# show us your trunk



## xt_out (Jun 23, 2003)

i hope seth didn't do this one yet.

more along the lines of custom stereo stuff, bodies, whatevers in there.

MINE








^^^of course im gonna show off this pic as much as possible  im very proud of it, knowing its one of two in the whole WORLD! ha ha ha. and both are in WA (soon to be one in florida also as soon as justin gets his)









im redoing this. sub is going to be facing this way, instead of towards the cabin, and my PG 800.1 is going to be mounted next to the PG 500.4 in the pic


----------



## 1CLNB14 (Apr 30, 2002)

Open...









Closed...


----------



## sethwas (Apr 30, 2002)

Seth


----------



## Kalel (Jun 26, 2003)

lol everyone shows a sound system and seth shows his whatever it is. no offence seth


----------



## sethwas (Apr 30, 2002)

Thats right!
I show what a real mans trunk looks like. Tools, flares, a car duster, a widshield reflector, and some terry towels with armor all wipes.

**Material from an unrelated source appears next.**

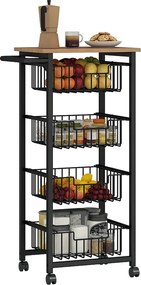 HOMCOM Konyhai Kocsi Munkalappal, 4 Ki Pull-Out Acél Kosárral, Görgős Kocsi Irodához, 49,5 x 31 x 91 cm, Tölgy | Aosom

None of this mamby pamby amplifier/sub stuff.
Whats the point of a trunk if it doesn't store things. Put the sub in the back seat which you never use anyway. 

Seth


----------



## 1CLNB14 (Apr 30, 2002)

Seth's trunk >*


----------



## xt_out (Jun 23, 2003)

1CLNB14 said:


> Closed...
> 
> 
> 
> ...


dude, your leds are so f**kin dope looking. i love what you did!!
how much did that run you??
will you do mine??


----------



## cleanb14 (Dec 21, 2002)

my trunk > *
well not really, haha


----------



## xt_out (Jun 23, 2003)

^^??whats that??


----------



## cleanb14 (Dec 21, 2002)

uh, my trunk???


----------



## Felonious Cat Stalker (May 1, 2002)

Hmm, if I still owned my Sentra, you guys would be getting a good view of my full size spare, tool kit & cd changer. Oh well, you'll just have to drool over Seth's trunk.


----------



## Adam (Apr 30, 2002)

What's that you can see through there? 

Oh, it's the driver's side door panel


----------



## krylonkoopaa (Sep 13, 2002)

well i dont have pics but mine is like seth but with a hydrlic jack tools full size spare and a extra change of clothes


----------



## sethwas (Apr 30, 2002)

Ha,
I'm waiting to see people photochop in bodies or wormholes or strippers and stuff.

Seth

P.S. edited above showed an empty trunk too.


----------



## andre (Apr 30, 2002)

Mine looks kinda like seths....except its mostly cleaning stuff and a set of stock headlights and tail lights.


----------



## xt_out (Jun 23, 2003)

cleanb14 said:


> *uh, my trunk??? *


yes...very good, but what's that bar thing running across front, bottom of trunk??? but what i really was curious about is it looks like your carpet is covering a little something something in the top right of it. cuz if you fold down the seats in mine there's nothing RIGHT THERE. maybe fiberglass hidden sub or something. or maybe the carpet fell out of place. just wondering what it is


----------



## cleanb14 (Dec 21, 2002)

haha, its a rear strut tower brace, and the carpet's just all messed up in the trunk, i gotta redo it one of these days


----------



## 1CLNB14 (Apr 30, 2002)

xt_out said:


> *dude, your leds are so f**kin dope looking. i love what you did!!
> how much did that run you??
> will you do mine?? *


Thanks,
It cost more than most people are willing to spend.
No.....


----------



## xt_out (Jun 23, 2003)

oh come on  .....fine, be the only one in washington with them then.


----------



## 1CLNB14 (Apr 30, 2002)

No, I'll be the only person in the WORLD with it! 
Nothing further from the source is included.